:: Records ::

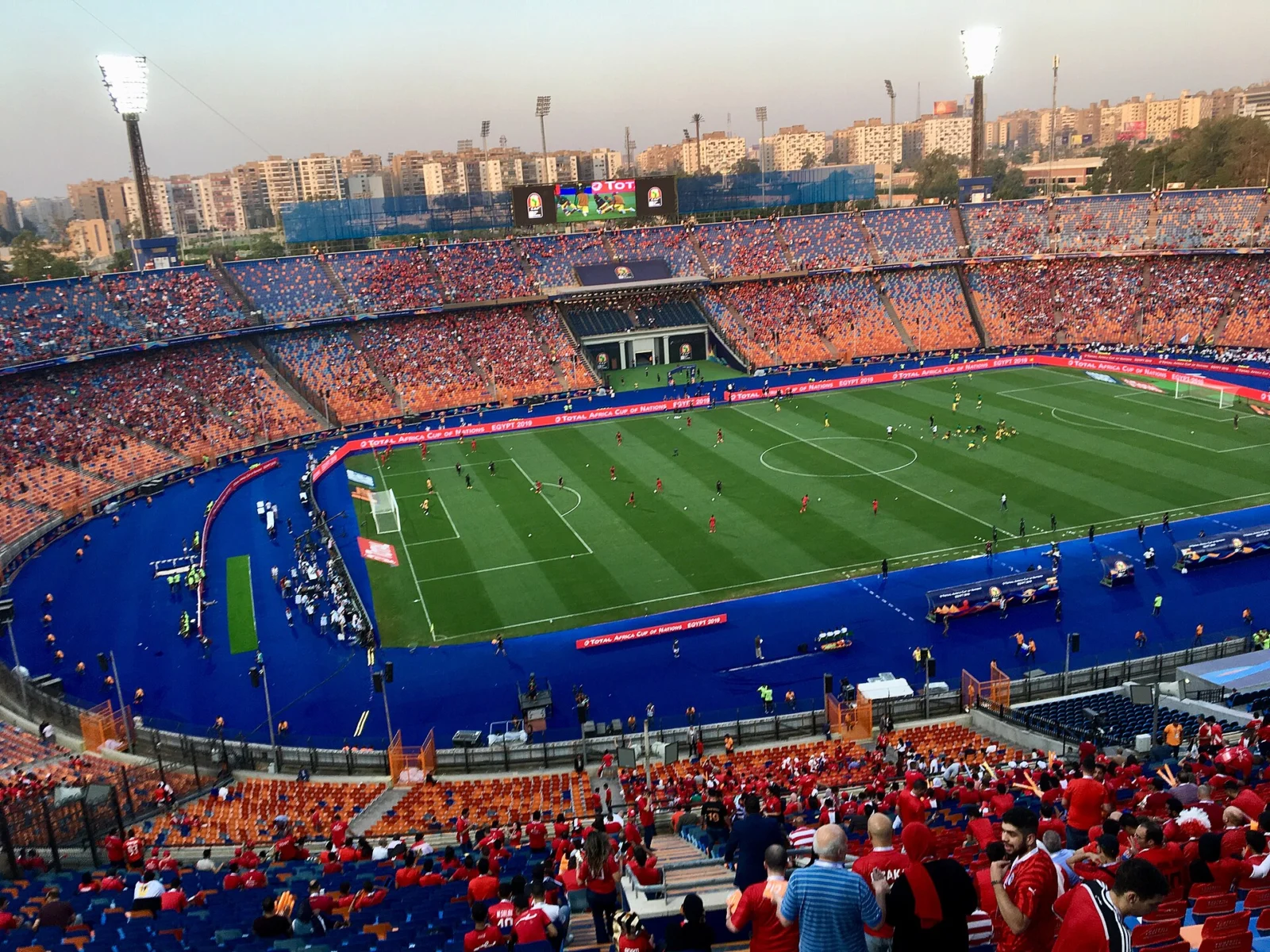 استاد القاهرة الدولي من الداخل بمدرجاته وأرضيته الخضراء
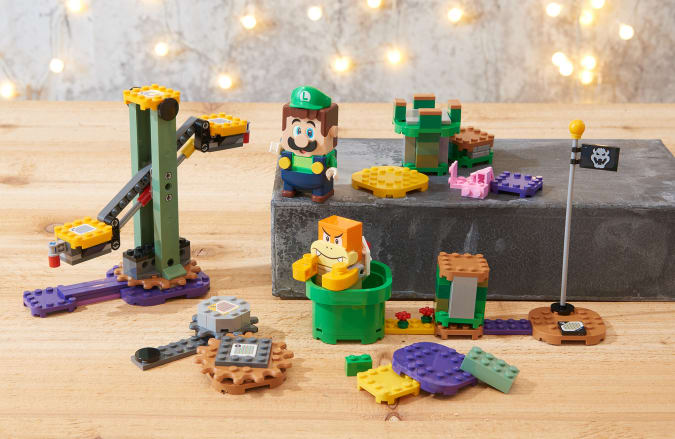 LEGO Adventures with Luigi Starter Course for the Engadget 2021 Holiday Gift Guide.
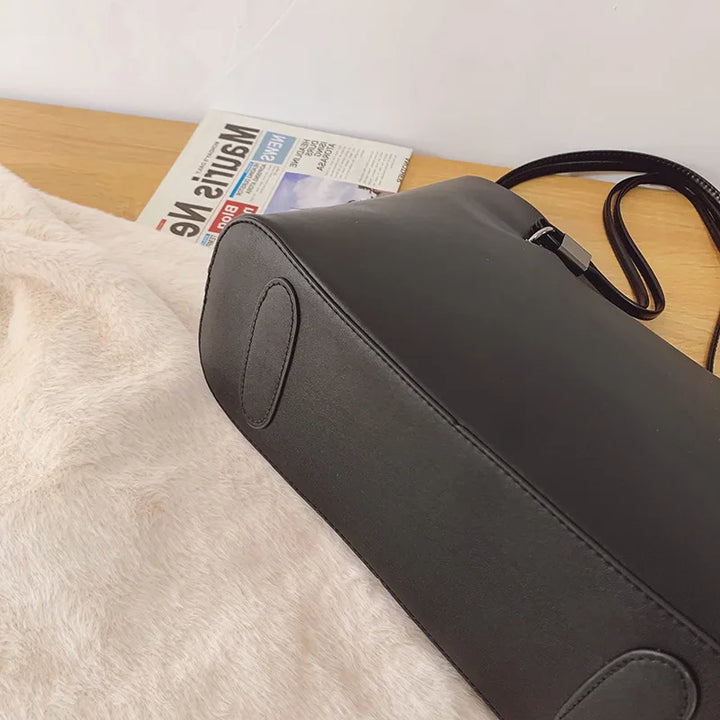 Grande borsa tote morbida e liscia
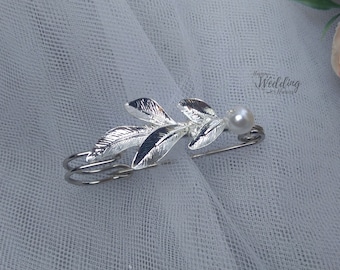 Leaf Wedding train pin, Bridal dress train clip, Silver leaf train brooch, Bridal gown back train brooch AT0006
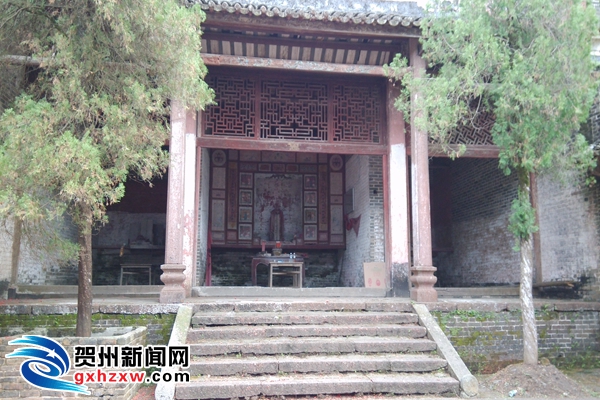 何承)8月22日,大型网聚活动"品封阳文化,尝信都美食,览八大古景"在信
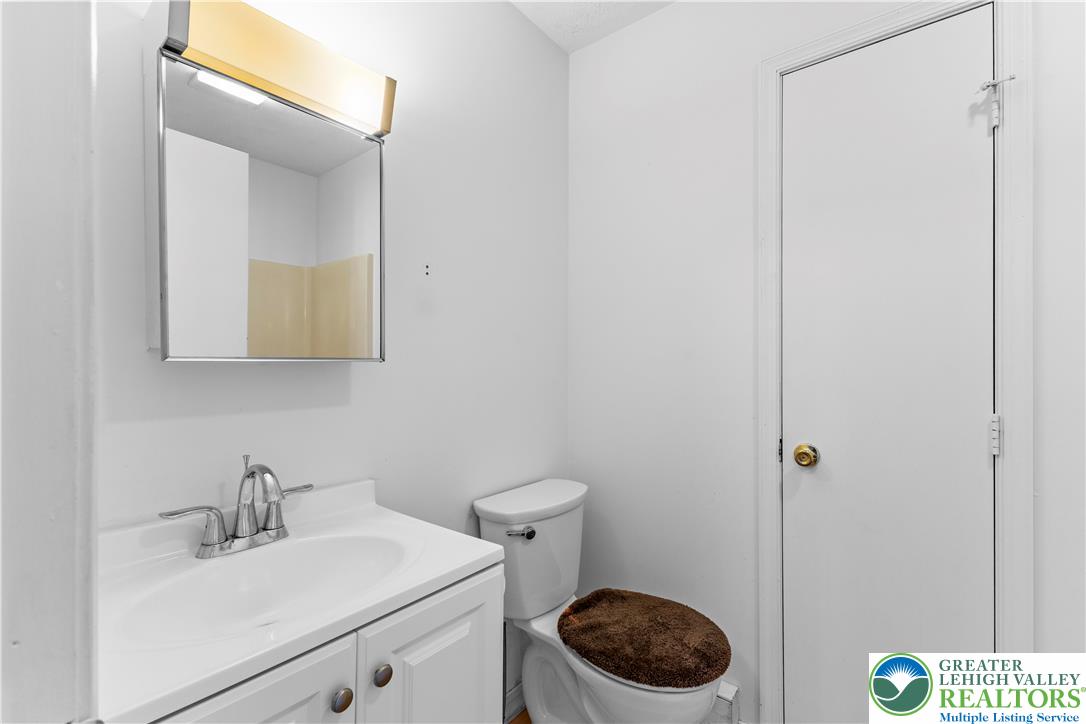 Penn Forest Twp, Pennsylvania 18229, United States, 2 Bedrooms Bedrooms, ,2 BathroomsBathrooms,Residential,Active,154245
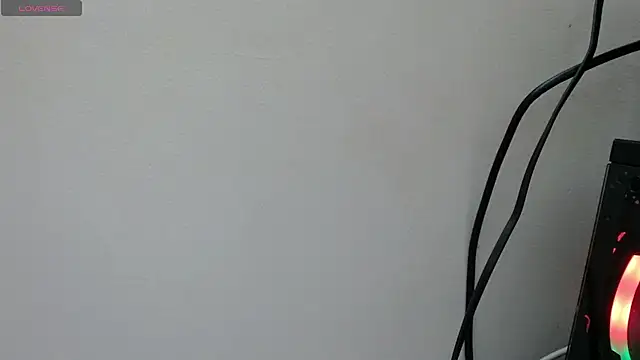 INDIAN_HORNY1 élő chatszobája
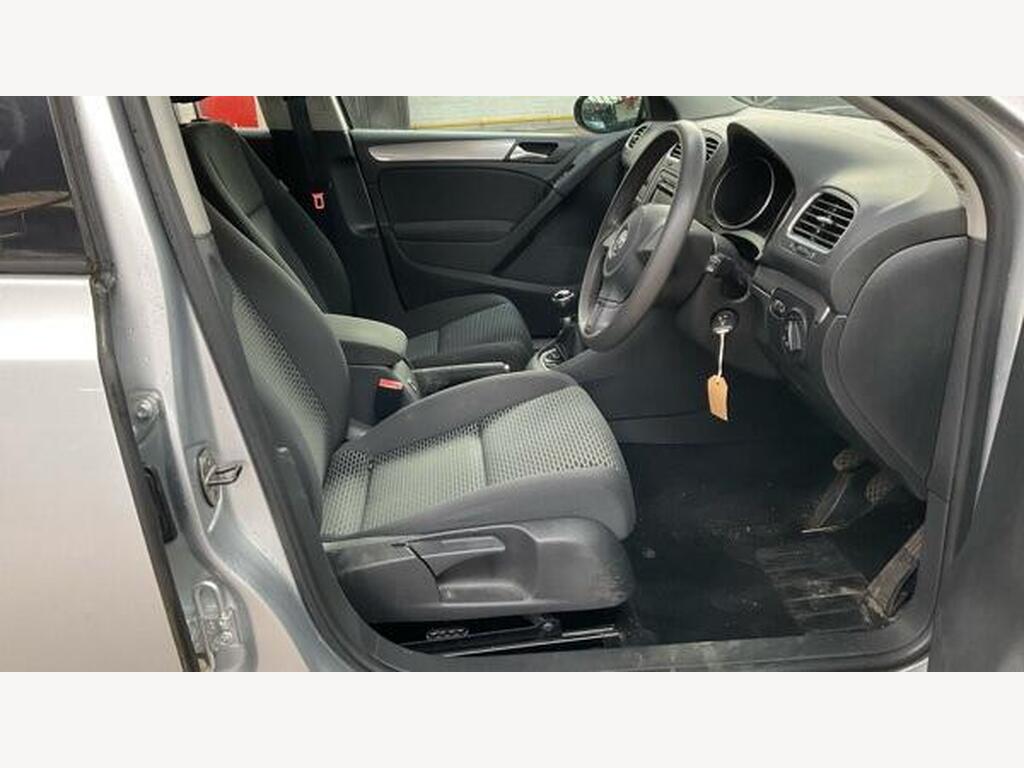 2011 Volkswagen Golf thumbnail 9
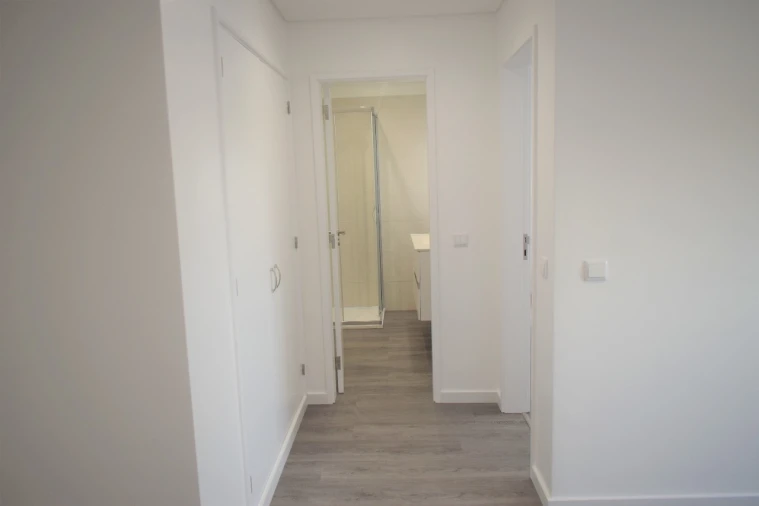 Apartamento T1 para Arrendamento em Santo António dos Cavaleiros Foto 6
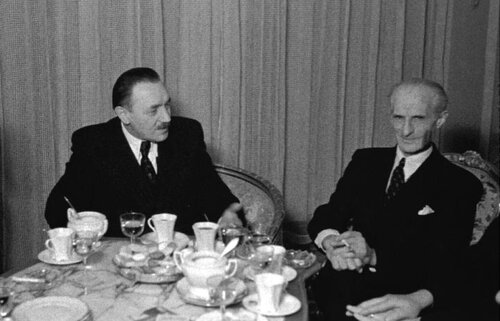 Bolesław Bierut i Julian Tuwim siedzą przy stoliku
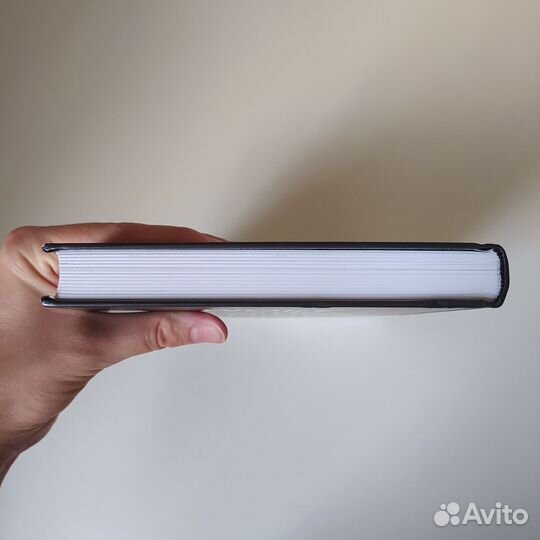 Книга комикс Гигансткая борода Стивен Коллинз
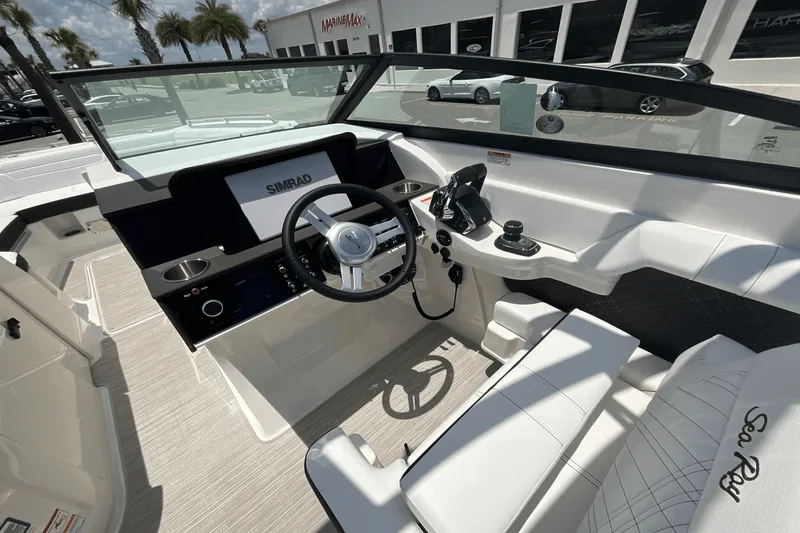 Slide: The Image of Sea Ray SDX 290 Outboard 2026 - 25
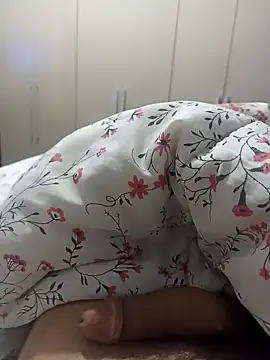 Snapshot of JovanRJ chatting on 10/31/25, 12:06 JovanRJ online show from 10/31/25, 12:06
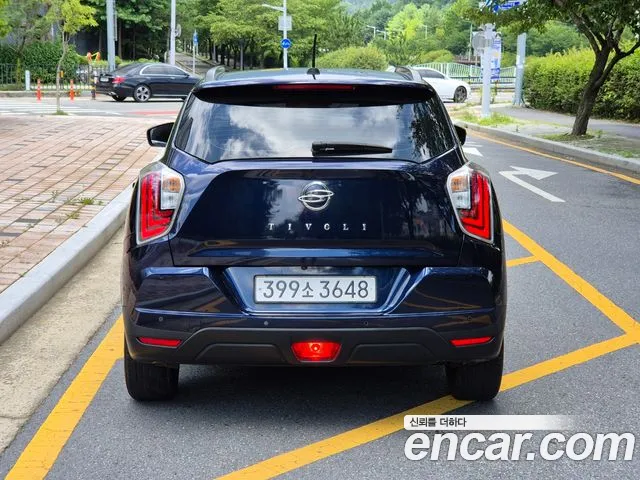 KG_Mobility_Ssangyong TIBOLI Very New Tivoli Бензин 1.5 2WD — Фото автомобиля 3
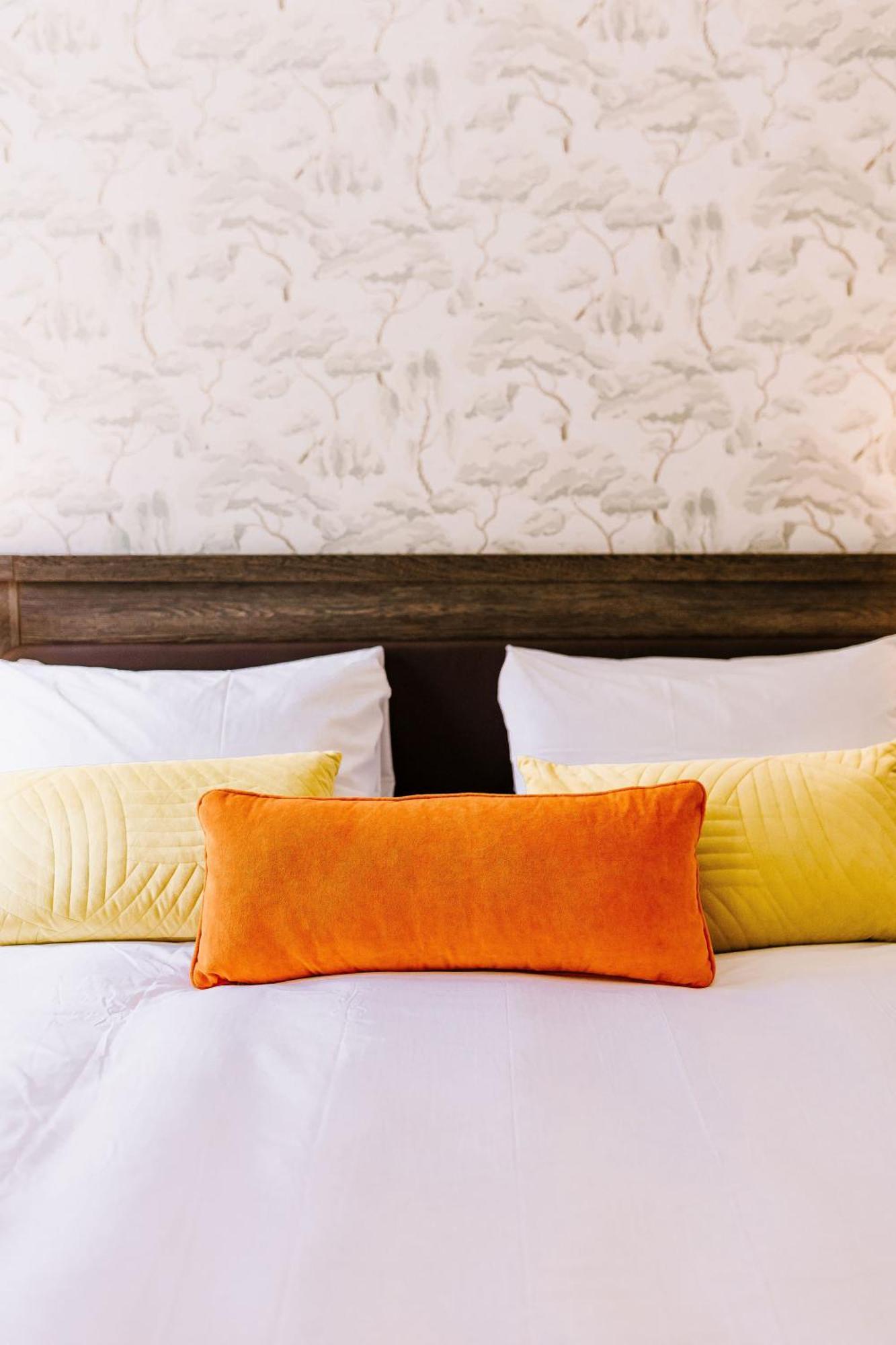 The Bull Hotel Stony Stratford Eksteriør bilde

:::

Produce a verbatim copy of all records, minus pictures.

- [Worked solution]:
 استاد القاهرة الدولي من الداخل بمدرجاته وأرضيته الخضراء
 LEGO Adventures with Luigi Starter Course for the Engadget 2021 Holiday Gift Guide.
 Grande borsa tote morbida e liscia
 Leaf Wedding train pin, Bridal dress train clip, Silver leaf train brooch, Bridal gown back train brooch AT0006
 何承)8月22日,大型网聚活动"品封阳文化,尝信都美食,览八大古景"在信
 Penn Forest Twp, Pennsylvania 18229, United States, 2 Bedrooms Bedrooms, ,2 BathroomsBathrooms,Residential,Active,154245
 INDIAN_HORNY1 élő chatszobája
 2011 Volkswagen Golf thumbnail 9
 Apartamento T1 para Arrendamento em Santo António dos Cavaleiros Foto 6
 Bolesław Bierut i Julian Tuwim siedzą przy stoliku
 Книга комикс Гигансткая борода Стивен Коллинз
 Slide: The Image of Sea Ray SDX 290 Outboard 2026 - 25
 Snapshot of JovanRJ chatting on 10/31/25, 12:06 JovanRJ online show from 10/31/25, 12:06
 KG_Mobility_Ssangyong TIBOLI Very New Tivoli Бензин 1.5 2WD — Фото автомобиля 3
 The Bull Hotel Stony Stratford Eksteriør bilde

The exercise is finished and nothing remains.